From Neil Young, festival director –
Poets from across Scotland will converge on Stonehaven on Friday and Saturday for what is billed as the country’s “most democratic poetry festival”.
“The Wee Gaitherin” will build on the popularity of last summer’s inaugural event, which was the first post-lockdown poetry festival in Scotland.
The festival on July 29 & 30 will draw in more than 60 poets from across the country, and beyond, to give readings in English, Scots and Gaelic.
It will also include readings of poetry written by Mackie Academy students during workshops hosted by visiting poets Charlie Gracie and Hugh McMillan. Those poems are currently on display in a Wee Gaitherin exhibition at Stonehaven Library.
The festival format includes indoor and outdoor readings, plus music ranging from folk, jazz, rock to an award-winning soprano. The hub for events will be Stonehaven Bowling Club, with free workshops taking place the town’s library, and a big outdoor event at the Tolbooth Courtyard.
The line-up features renowned poets such as Hugh McMillan from Dumfries and Galloway, Sharon Black who is now based in France, Scots and Doric champions Sheena Blackhall, Jo Gilbert and Lesley Benzie, and Gaelic writers such as Ceitidh Campbell and Marcas Mac an Tuairneir.

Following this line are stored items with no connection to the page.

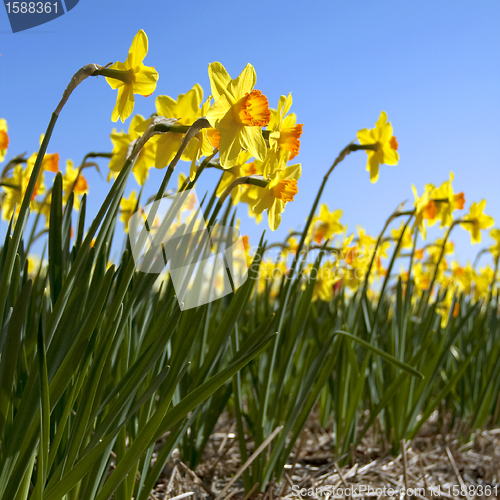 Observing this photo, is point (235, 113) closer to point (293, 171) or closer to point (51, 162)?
point (293, 171)

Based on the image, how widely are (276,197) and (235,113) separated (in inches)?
12.3

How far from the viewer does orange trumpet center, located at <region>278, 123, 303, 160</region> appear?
1.38m

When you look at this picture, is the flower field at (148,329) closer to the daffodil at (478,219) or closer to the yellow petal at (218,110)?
the yellow petal at (218,110)

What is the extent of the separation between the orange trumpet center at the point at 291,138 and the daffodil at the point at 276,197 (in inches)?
3.1

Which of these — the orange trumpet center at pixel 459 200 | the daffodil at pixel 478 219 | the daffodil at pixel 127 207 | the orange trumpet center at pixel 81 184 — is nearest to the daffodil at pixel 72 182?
the orange trumpet center at pixel 81 184

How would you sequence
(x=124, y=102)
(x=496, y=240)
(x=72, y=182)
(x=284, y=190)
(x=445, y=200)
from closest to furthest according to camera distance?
1. (x=124, y=102)
2. (x=284, y=190)
3. (x=445, y=200)
4. (x=72, y=182)
5. (x=496, y=240)

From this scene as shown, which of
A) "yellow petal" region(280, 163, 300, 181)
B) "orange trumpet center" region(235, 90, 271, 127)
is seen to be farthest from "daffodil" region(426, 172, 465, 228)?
Result: "orange trumpet center" region(235, 90, 271, 127)

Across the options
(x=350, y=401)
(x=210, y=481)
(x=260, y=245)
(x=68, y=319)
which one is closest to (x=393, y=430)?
(x=350, y=401)

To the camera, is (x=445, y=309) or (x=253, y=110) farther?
(x=445, y=309)

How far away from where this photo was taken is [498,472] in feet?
7.21

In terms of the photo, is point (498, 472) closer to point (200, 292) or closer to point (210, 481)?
point (210, 481)

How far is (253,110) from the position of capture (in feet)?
3.89

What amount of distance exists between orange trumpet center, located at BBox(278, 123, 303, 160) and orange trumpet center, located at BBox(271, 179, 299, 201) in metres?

Special guests will include visiting poets from Ireland Jessamine O’Connor and satirist Kevin Higgins, who has been hailed as Ireland’s most widely read living poet.
Other well-kent faces taking part include Stirling and Caithness makar and George Gunn, alongside writers’ groups ranging from the Blue Salt Collective, Aberdeen’s Lemon Tree Writers, and Mearns Writers.
The festival will also include book launches and a books fair featuring publishers Drunk Muse Press, The Poets’ Republic, Rymour Books, Red Squirrel, Dreich and Seahorse Publications.
‘turn up, tune in, take part’ in free event
The organisers stress the unique inclusiveness of the festival among poetry events in Scotland.
Stonehaven-based poet and publisher Neil Young, one of the festival directors, said: “Most poetry festivals have a fairly prescriptive format in that they cherry-pick and book the poets, but we have thrown open an invitation for any poets to take part.
“We emphasise that all poets, from the renowned to the unknown, beginners to old-timers, take part on an equal footing. Our motto is ‘turn up, tune in, take part’ as we want to include as wide a range of people as possible, and are especially keen to offer a forum to young or burgeoning poets.
“The festival is also exceptional in that it is entirely free to attend – we do not charge at the door. We’d like to see as many people from the town at the bowling club – just turn up and soak up the entertainment, come and go as you please.”
The Wee Gaitherin has been generously supported with a grant from the Hugh Fraser Foundation, as well as by a crowdfunder. All the funds go towards the basic costs of the festival and visiting poets’ expenses.
Neil said: “No-one’s making any money out of this, and poets do tend to be the arts world’s poor relations, with an excess of good will. They’ll travel almost anywhere to read aloud, but we would like to help towards people’s basic expenses of travelling here by car, bus and train and staying in hotels and B&Bs.
“The festival is run on a shoestring, but we think we can do a lot with just a little, and continue to build the festival as an outstanding annual event for Stonehaven and for Scottish culture more generally.”